Editorial

Zum ersten Mal erscheint in diesem Jahr 2021 die Rechtsgeschichte – Legal History als Zeitschrift des »Max-Planck-Institut für Rechtsgeschichte und Rechtstheorie«. Die beiden Änderungen des inzwischen mehr als ein halbes Jahrhundert alten Namens – also der Zusatz »Rechtstheorie« und die Streichung »europäische« – stehen für die Erweiterung unserer Arbeitsgebiete in den letzten Jahren. Dass wir nicht mehr allein »europäische« Rechtsgeschichte betreiben, diese heute vielmehr als Rechtsgeschichte von Europa in globalhistorischer Perspektive oder als Geschichte der europäischen Integration erforschen, ist nicht zuletzt in den Beiträgen dieser Zeitschrift seit 2010 deutlich geworden.

Auch die Rechtstheorie war am Institut in der Vergangenheit bereits mit unterschiedlichen Konjunkturen präsent. Doch mit der Berufung von Marietta Auer zur Direktorin am Max-Planck-Institut zum 1. September 2020 hat die Max-Planck-Gesellschaft eine zusätzliche neue Forschungsabteilung »Multidisziplinäre Rechtstheorie« eingerichtet, die neben die bestehenden rechtshistorischen Abteilungen tritt. Marietta Auer gibt in ihrem Beitrag zu Beginn dieses Heftes im Teil Recherche einen Einblick in das Forschungsprogramm, mit dem sie nach Frankfurt gekommen ist. Wir – die Direktoren der rechtshistorischen Abteilungen »Europäische und vergleichende Rechtsgeschichte« (Stefan Vogenauer) und »Historische Normativitätsregime« (Thomas Duve), die Leiterinnen unserer Forschungsgruppen sowie alle Mitarbeiterinnen und Mitarbeiter – halten dies für eine wichtige institutionelle Weichenstellung. Vor allem sind wir aber sicher, dass sie auch für die Rechtsgeschichte eine wichtige intellektuelle Stärkung mit sich bringt. Was für das Institut und das Fach gilt, gilt auch für die Zeitschrift, in deren Herausgeberkreis sie nun eingetreten ist : Willkommen !
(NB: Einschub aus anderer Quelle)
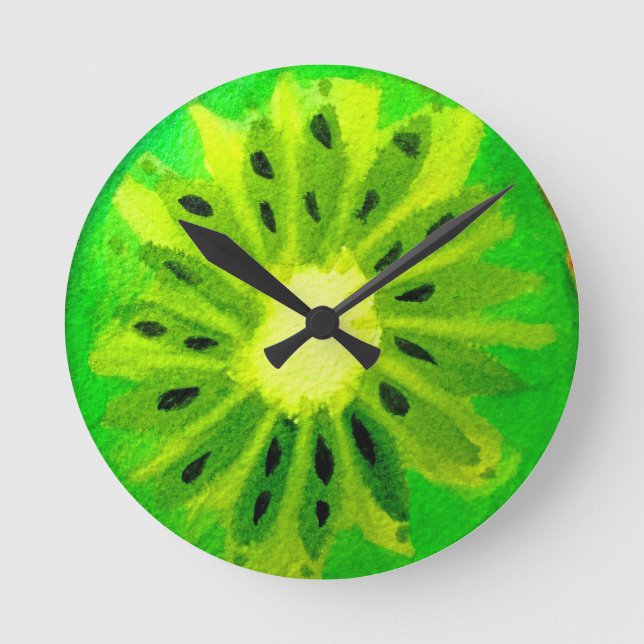 Pop art bright kiwi fruit original watercolour round clock (Front)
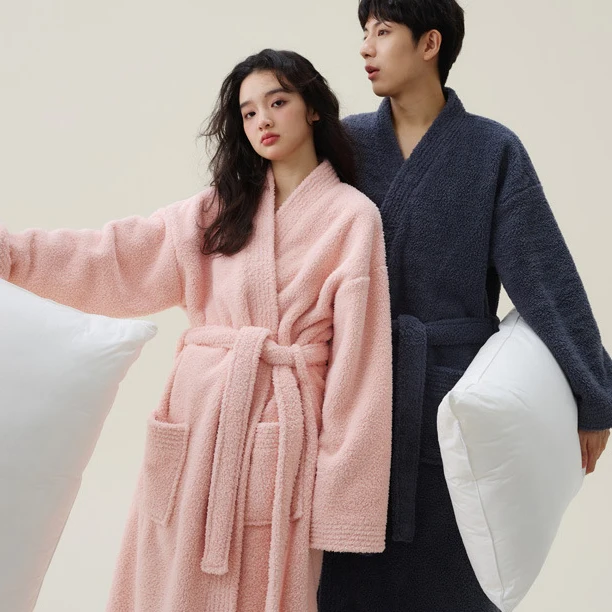 

Winter Thicken Flannel Couple Long Robe Sleepwear Solid Colour Warm Coral Fleece Kimono Bathrobe Gown with Pocket Loose Homewear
Wie sehr das Fach einer auch rechtstheoretisch reflektierten Methode bedarf, versucht der zweite Beitrag im Rechercheteil zu verdeutlichen. Unter dem mit einem Fragezeichen versehenen Titel »Rechtsgeschichte als Geschichte von Normativitätswissen ?« wird hier der Versuch unternommen, eine Methodik für eine Rechtsgeschichte jenseits der Kategorien der Moderne zu skizzieren (Thomas Duve). Dabei wird deutlich, in welch hohem Maße auch eine solche auf die nachmoderne Kondition des Rechts ausgerichtete Rechtshistorie auf der geduldigen Rekonstruktion von historischem Normativitätswissen aufbauen muss. Ein eindrucksvolles Zeugnis einer solchen rechtshistorischen Grundlagenforschung ist der dritte Beitrag im Recherche-Teil : Der Rückblick von Wolfram Brandes auf die über Jahrzehnte hinweg am Institut durchgeführte Forschung zur Byzantinistik. Diese wurde noch von Dieter Simon angestoßen und konnte durch langjährige Förderung der Göttinger Akademie der Wissenschaften von Wolfram Brandes bis in das Jahr 2020 fortgeführt werden.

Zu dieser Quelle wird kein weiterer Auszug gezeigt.